Problem to solve
Print the data below verbatim, minus images.

Exercise data
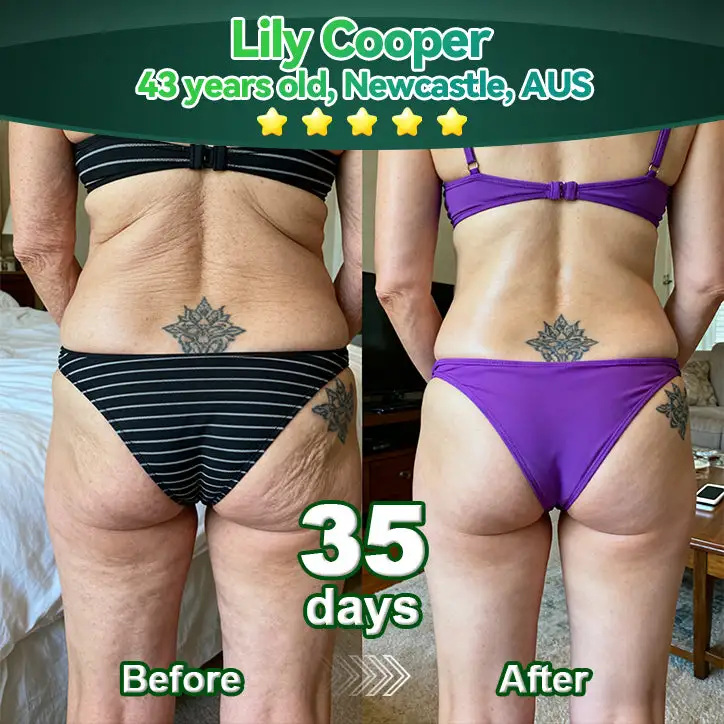 ๐๐ญ๐๐ฆ ๐๐๐๐ & ๐๐ผ๐๐๐๐ ๐๐ง ๐๐๐ฉ๐ญ๐ข๐๐ ๐๐ซ๐๐ ๐๐ซ๐ผ๐ฉ๐ฌ - Image 5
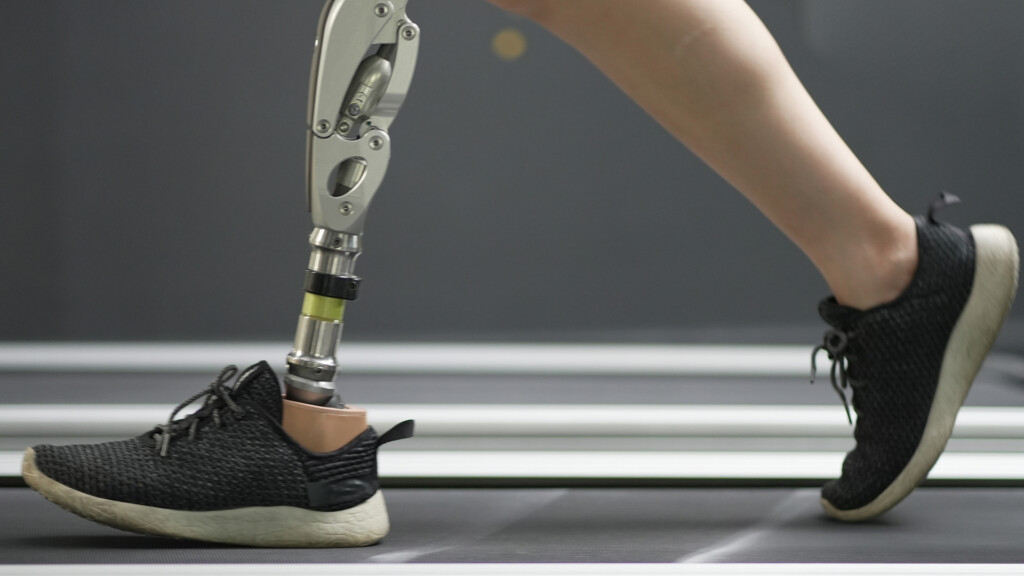 Lower-limb prosthesis
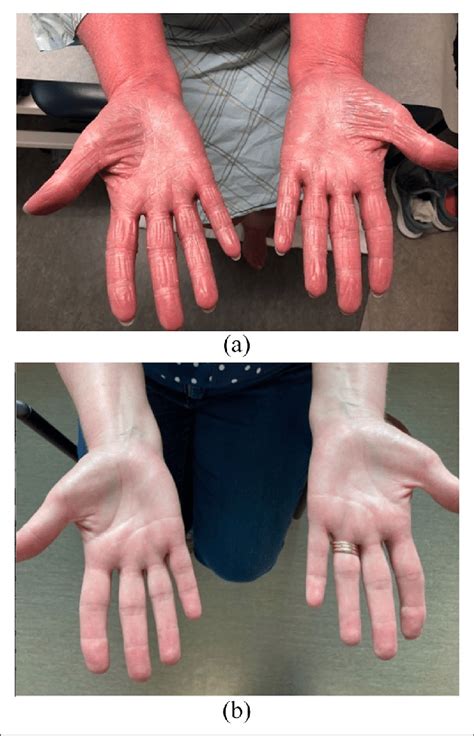 A Palmar Keratoderma B Complete Resolution After Months Therapy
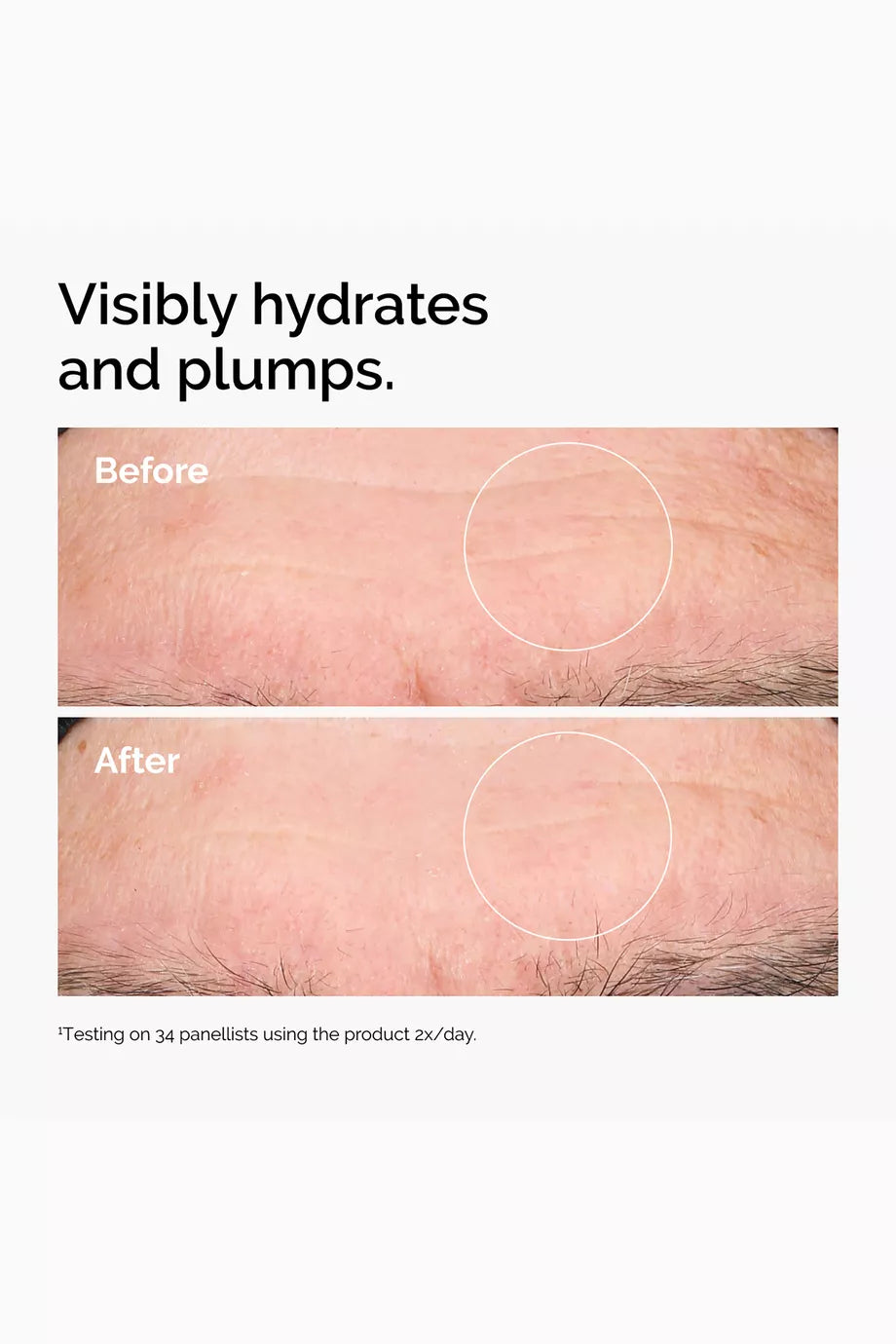 The Ordinary Hyaluronic Acid 2% and B5 30ml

Solution to this task
 ๐๐ญ๐๐ฆ ๐๐๐๐ & ๐๐ผ๐๐๐๐ ๐๐ง ๐๐๐ฉ๐ญ๐ข๐๐ ๐๐ซ๐๐ ๐๐ซ๐ผ๐ฉ๐ฌ - Image 5
 Lower-limb prosthesis
 A Palmar Keratoderma B Complete Resolution After Months Therapy
 The Ordinary Hyaluronic Acid 2% and B5 30ml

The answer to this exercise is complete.